Martha Bailey
Professor of Economics, University of California Los Angeles
Martha Bailey is a Professor in the Department of Economics and Director of the California Center for Population Research at the University of California-Los Angeles. She is also a Research Associate at the National Bureau of Economic Research and is affiliated with CEPR, CESifo, IZA, and HCEO.

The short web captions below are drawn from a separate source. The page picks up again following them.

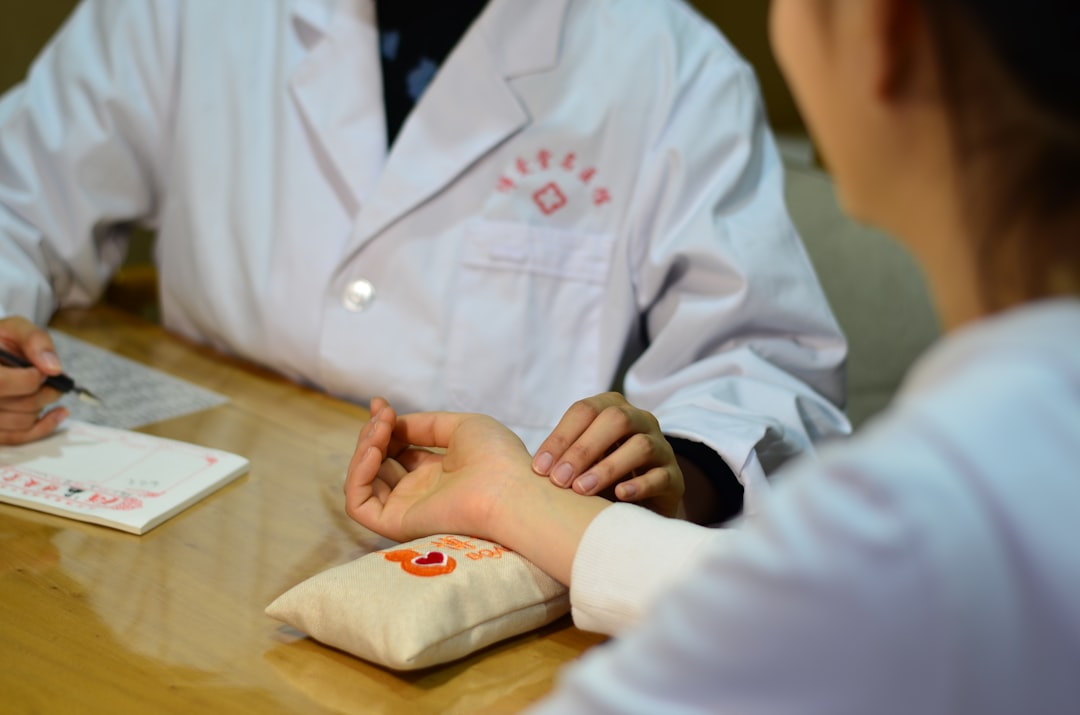 TCM physician conducting pulse diagnosis during consultation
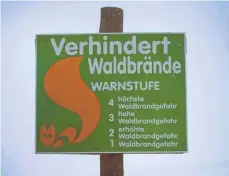  ?? FOTO: FRANZISKA KOARK/DPA ?? Im größten Teil des Südwestens herrscht momentan größte Waldbrandg­efahr. Ein Schild weist auf die Waldbrands­tufen hin.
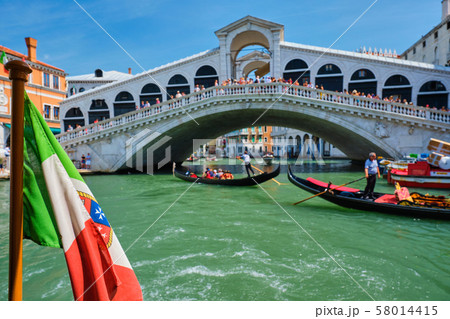 Italian maritime flag with Rialto bridge with gondolas in the bacground. Grand Canal, Venice, Italy 58014415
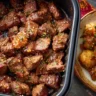 Delicious garlic butter steak bites sizzling in a pan.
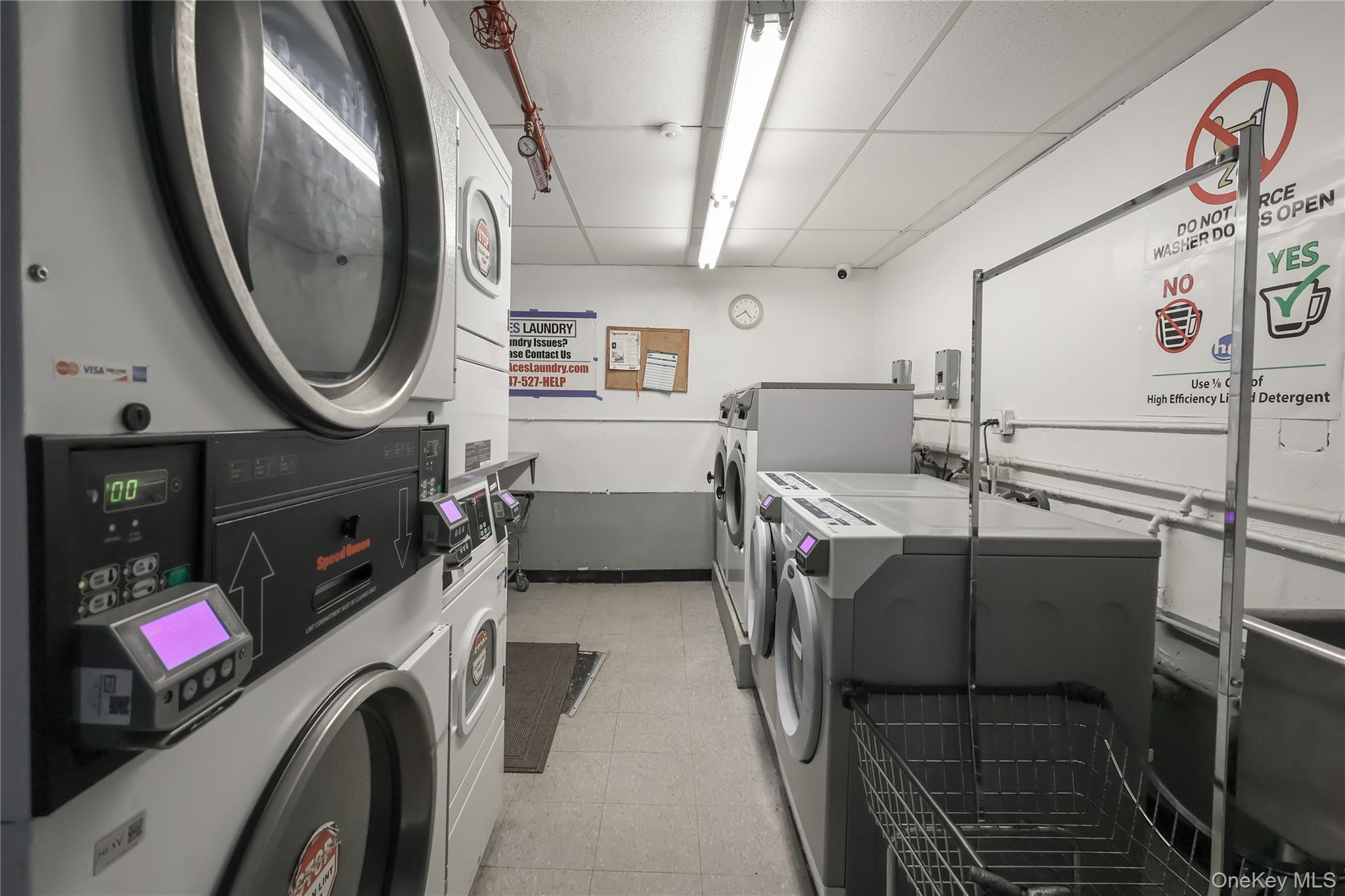 67-40 Booth Street, Unit 4O Queens, NY 11375 - Photo 17 of 19 a utility room with dryer washer and a mirror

Her research focuses on issues in labor economics, demography and health in the United States, within the long-run perspective of economic history. Her work has examined the implications of the diffusion of modern contraception for women’s childbearing, career decisions and the convergence in the gender gap. Recent projects focus on the 1960s, including evaluations of the shorter and longer-term consequences of War on Poverty programs and the labor-market effects of equal pay legislation in the US. Martha Bailey directs the LIFE-M project, which links millions of vital records with census data for the early 20th century U.S., and the M-CARE study, which evaluates how more affordable contraception affects the lives of Americans.
Bailey’s work has appeared in the American Economic Review and Quarterly Journal of Economics and been funded by the National Institutes of Health, the National Science Foundation, the Laura and John Arnold Foundation, the Ford Foundation, and the Russell Sage Foundation. She has also won several awards for outstanding teaching, including the 2017 John Dewey Teaching Award at the University of Michigan and the 2022 Berck and Lisa Cheng Award at UCLA. She was honored to win the 2022 Carolyn Shaw Bell Award for furthering the status of women in the economics profession, through example, achievements, increasing our understanding of how women can advance in the economics profession, or mentoring others.
Bailey currently serves as an editor at the Journal of Labor Economics and on the editorial board at the American Economic Review.